- [WHAT NEEDS TO BE DONE]: What is needed is every line, exactly as given, from the line containing "Cambindo anotó su primer gol con Cruz Azul." through the end of the data below.

- [DATASET RECORDS]:
§

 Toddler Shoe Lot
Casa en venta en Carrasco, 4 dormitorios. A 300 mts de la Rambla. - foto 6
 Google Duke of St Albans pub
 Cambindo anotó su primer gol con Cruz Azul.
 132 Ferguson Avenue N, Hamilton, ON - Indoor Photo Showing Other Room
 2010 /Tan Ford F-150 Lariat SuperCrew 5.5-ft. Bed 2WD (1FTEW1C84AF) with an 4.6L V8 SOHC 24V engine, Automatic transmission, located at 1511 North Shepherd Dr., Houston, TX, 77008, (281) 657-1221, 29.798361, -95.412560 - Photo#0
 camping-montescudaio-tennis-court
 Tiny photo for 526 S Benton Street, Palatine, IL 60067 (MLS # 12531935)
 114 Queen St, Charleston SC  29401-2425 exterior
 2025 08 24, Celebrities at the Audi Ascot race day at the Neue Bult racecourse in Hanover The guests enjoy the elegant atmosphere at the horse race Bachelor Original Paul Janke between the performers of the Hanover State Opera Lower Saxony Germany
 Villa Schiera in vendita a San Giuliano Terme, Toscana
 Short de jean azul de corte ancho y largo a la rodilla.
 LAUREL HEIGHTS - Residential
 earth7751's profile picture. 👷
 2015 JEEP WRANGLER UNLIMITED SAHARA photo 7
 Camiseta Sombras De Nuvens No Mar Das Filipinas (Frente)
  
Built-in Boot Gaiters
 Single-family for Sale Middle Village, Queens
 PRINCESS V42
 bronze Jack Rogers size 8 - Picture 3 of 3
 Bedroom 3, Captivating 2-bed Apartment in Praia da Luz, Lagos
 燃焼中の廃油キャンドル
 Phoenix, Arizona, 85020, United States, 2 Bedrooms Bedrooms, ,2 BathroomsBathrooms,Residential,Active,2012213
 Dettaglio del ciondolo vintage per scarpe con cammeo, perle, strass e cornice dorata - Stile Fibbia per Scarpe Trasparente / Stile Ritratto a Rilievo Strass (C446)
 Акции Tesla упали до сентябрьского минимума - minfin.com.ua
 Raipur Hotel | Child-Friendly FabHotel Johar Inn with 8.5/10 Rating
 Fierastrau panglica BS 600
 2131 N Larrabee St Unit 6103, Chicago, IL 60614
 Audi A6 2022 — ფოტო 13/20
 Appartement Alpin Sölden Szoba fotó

§

- [ANSWER SECTION]:
 Cambindo anotó su primer gol con Cruz Azul.
 132 Ferguson Avenue N, Hamilton, ON - Indoor Photo Showing Other Room
 2010 /Tan Ford F-150 Lariat SuperCrew 5.5-ft. Bed 2WD (1FTEW1C84AF) with an 4.6L V8 SOHC 24V engine, Automatic transmission, located at 1511 North Shepherd Dr., Houston, TX, 77008, (281) 657-1221, 29.798361, -95.412560 - Photo#0
 camping-montescudaio-tennis-court
 Tiny photo for 526 S Benton Street, Palatine, IL 60067 (MLS # 12531935)
 114 Queen St, Charleston SC  29401-2425 exterior
 2025 08 24, Celebrities at the Audi Ascot race day at the Neue Bult racecourse in Hanover The guests enjoy the elegant atmosphere at the horse race Bachelor Original Paul Janke between the performers of the Hanover State Opera Lower Saxony Germany
 Villa Schiera in vendita a San Giuliano Terme, Toscana
 Short de jean azul de corte ancho y largo a la rodilla.
 LAUREL HEIGHTS - Residential
 earth7751's profile picture. 👷
 2015 JEEP WRANGLER UNLIMITED SAHARA photo 7
 Camiseta Sombras De Nuvens No Mar Das Filipinas (Frente)
  
Built-in Boot Gaiters
 Single-family for Sale Middle Village, Queens
 PRINCESS V42
 bronze Jack Rogers size 8 - Picture 3 of 3
 Bedroom 3, Captivating 2-bed Apartment in Praia da Luz, Lagos
 燃焼中の廃油キャンドル
 Phoenix, Arizona, 85020, United States, 2 Bedrooms Bedrooms, ,2 BathroomsBathrooms,Residential,Active,2012213
 Dettaglio del ciondolo vintage per scarpe con cammeo, perle, strass e cornice dorata - Stile Fibbia per Scarpe Trasparente / Stile Ritratto a Rilievo Strass (C446)
 Акции Tesla упали до сентябрьского минимума - minfin.com.ua
 Raipur Hotel | Child-Friendly FabHotel Johar Inn with 8.5/10 Rating
 Fierastrau panglica BS 600
 2131 N Larrabee St Unit 6103, Chicago, IL 60614
 Audi A6 2022 — ფოტო 13/20
 Appartement Alpin Sölden Szoba fotó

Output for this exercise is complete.